El El vie, 23 de jun. de 2023 a la(s) 10:46 p.m., Jean-Baptiste Onofré <
jb@nanthrax.net> escribió:

> Hi,
>
> While ago (at the very early stage of Beam :)), I proposed to create a
> HTTP/REST source/sink (we should still have the Jira :)).
> However, we didn't have a consensus in terms of features (I proposed
> something very simple). Splittable DoFn didn't exist at that time.
>
> So, if we want to move forward on HTTP/REST, we have to list the
> features and expected behavior.
>
> Regards
> JB
>
> On Sat, Jun 24, 2023 at 1:47 AM Juan Romero <js...@gmail.com> wrote:
> >
> > Hi guys. I have a doubt related with it make sense to create an HTTP
> connector in Apache Beam or simply I can create a PArdo Function that make
> the http request. I want to know which advantages I would have creating an
> IO HTTP connector.
>

Re: Create IO connector for HTTP or ParDO

Posted by Jean-Baptiste Onofré <jb...@nanthrax.net>.
Hi,

While ago (at the very early stage of Beam :)), I proposed to create a
HTTP/REST source/sink (we should still have the Jira :)).
However, we didn't have a consensus in terms of features (I proposed
something very simple). Splittable DoFn didn't exist at that time.
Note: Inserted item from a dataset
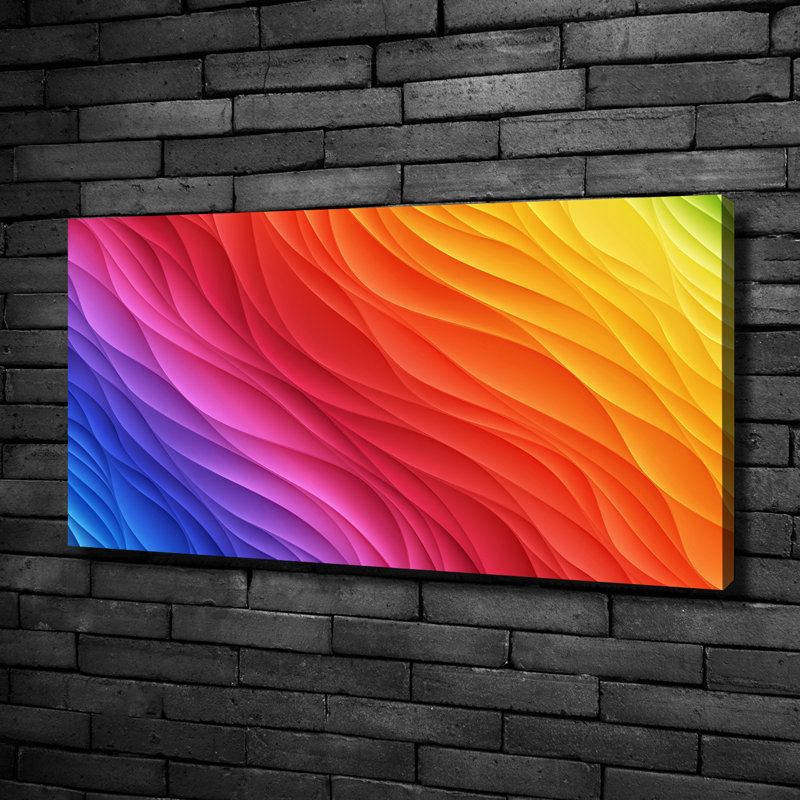 Colorful Waves - No Frame Print on Canvas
So, if we want to move forward on HTTP/REST, we have to list the
features and expected behavior.

Regards
JB

On Sat, Jun 24, 2023 at 1:47 AM Juan Romero <js...@gmail.com> wrote:
>
> Hi guys. I have a doubt related with it make sense to create an HTTP connector in Apache Beam or simply I can create a PArdo Function that make the http request. I want to know which advantages I would have creating an IO HTTP connector.